• RECORDS TO PROCESS:
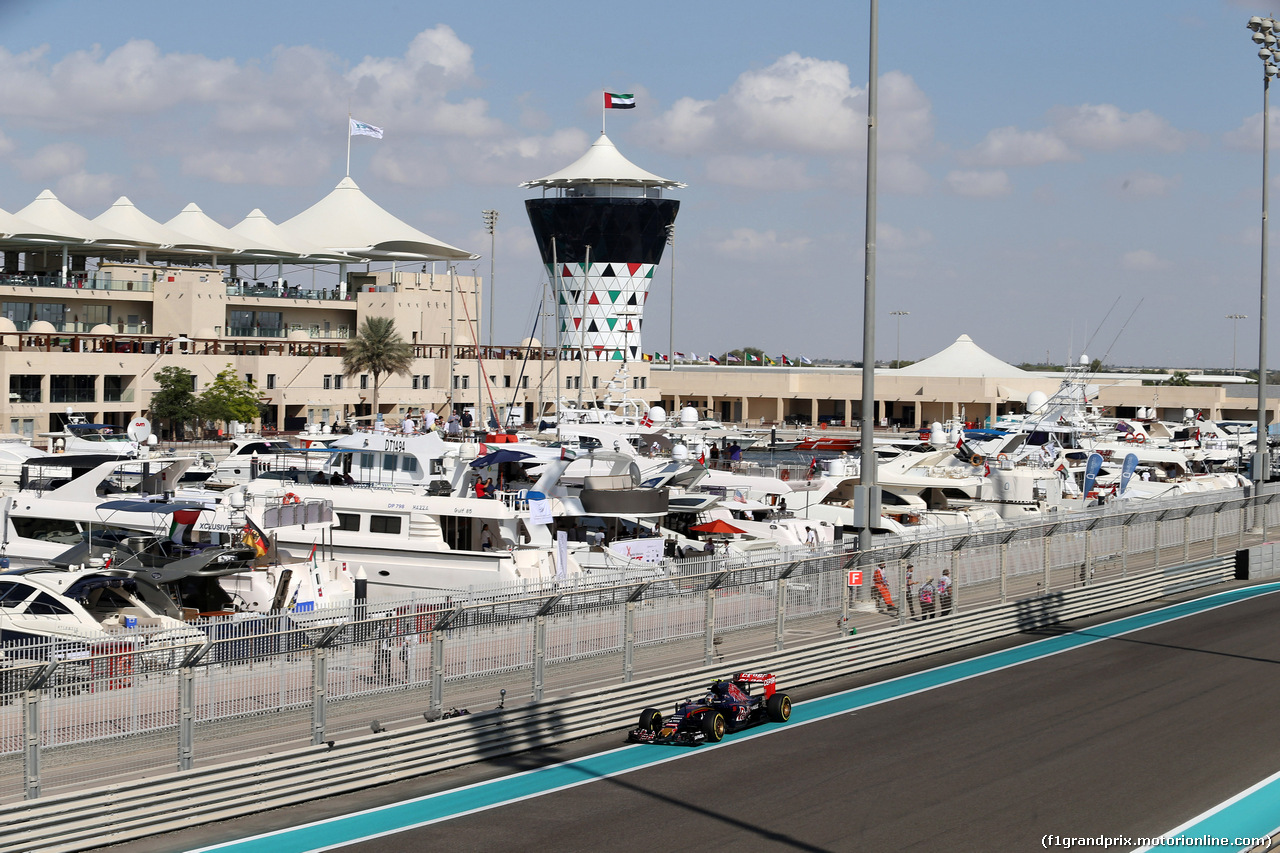 GP ABU DHABI - Prove Libere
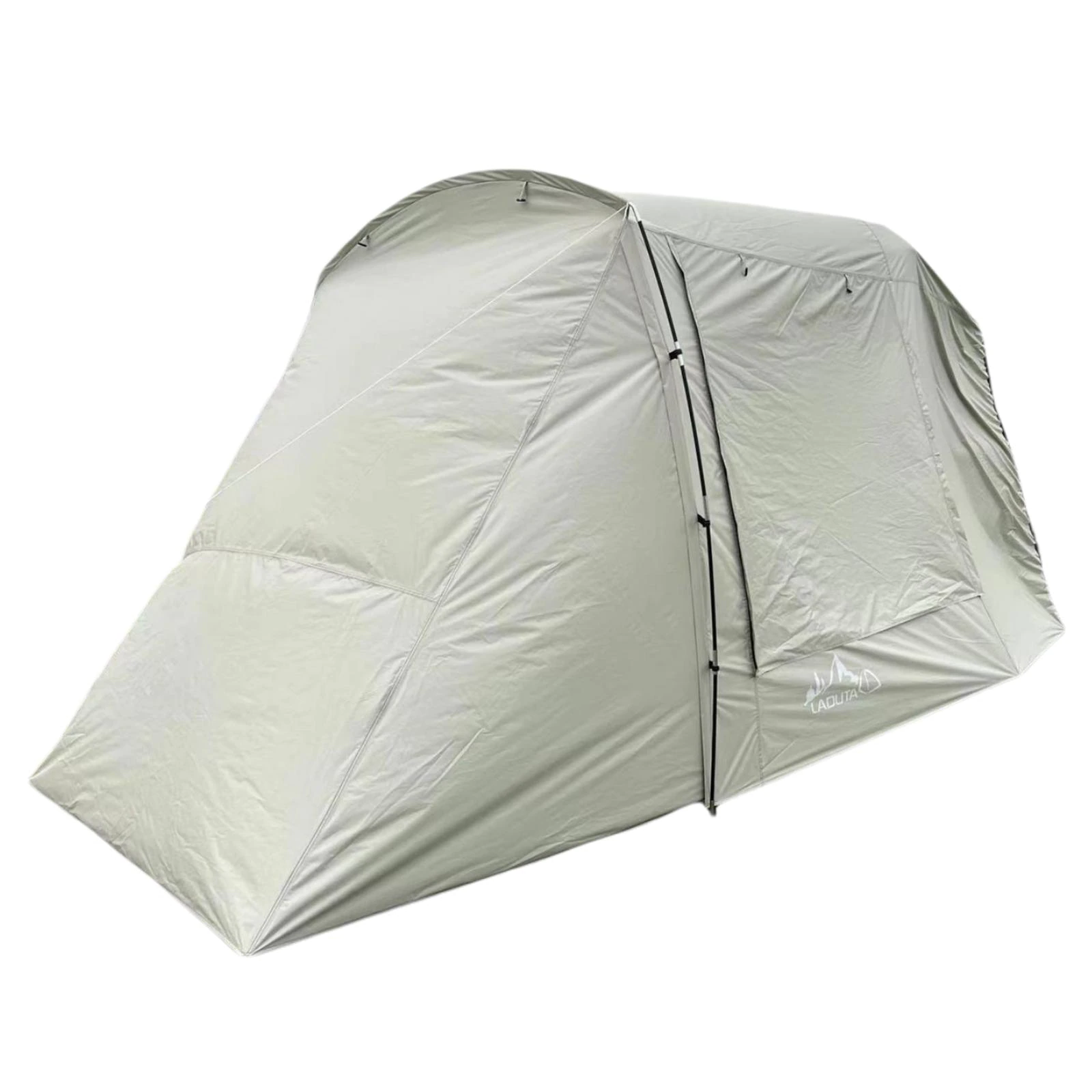 Cheap Goat Tents Car Rear Tent Extension Waterproof Trailer Tent Camping Shelter Canopy Car Trunk Tent For Outdoor Tour Barbecue Picnic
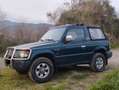 Mitsubishi Pajero Canvas Top vettura con certificazione  ASI  Verde - thumbnail 2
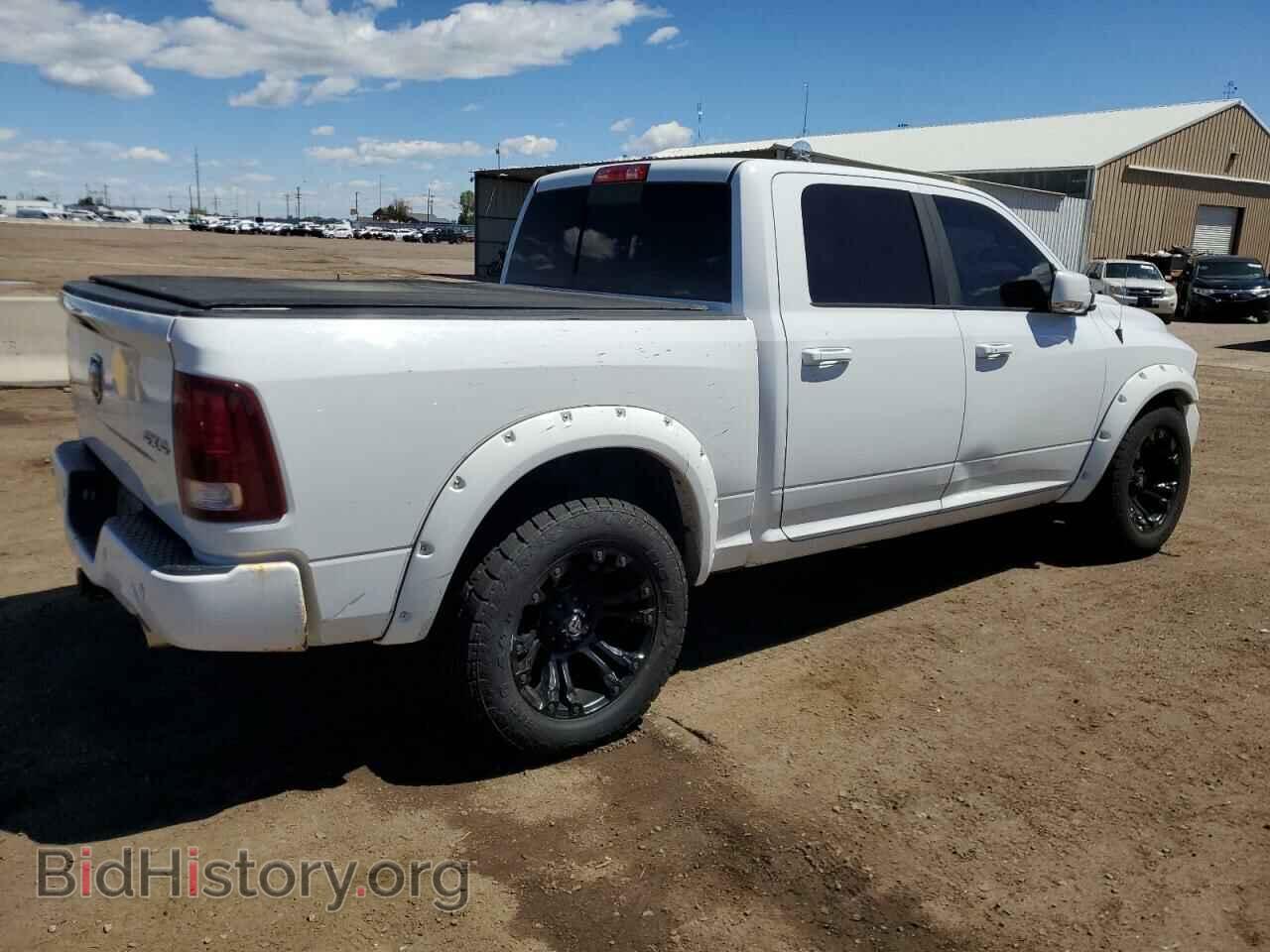 2014 RAM 1500 - VIN: 1C6RR7MT0ES294836 - Фото 3
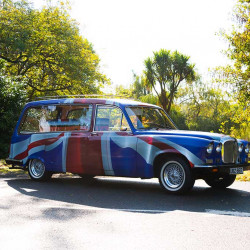 funeral hearses britain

• WHAT IS REQUIRED:
The response should contain every record above exactly as written, and none of the pictures.

• ANSWER BOX:
 GP ABU DHABI - Prove Libere
 Cheap Goat Tents Car Rear Tent Extension Waterproof Trailer Tent Camping Shelter Canopy Car Trunk Tent For Outdoor Tour Barbecue Picnic
 Mitsubishi Pajero Canvas Top vettura con certificazione  ASI  Verde - thumbnail 2
 2014 RAM 1500 - VIN: 1C6RR7MT0ES294836 - Фото 3
 funeral hearses britain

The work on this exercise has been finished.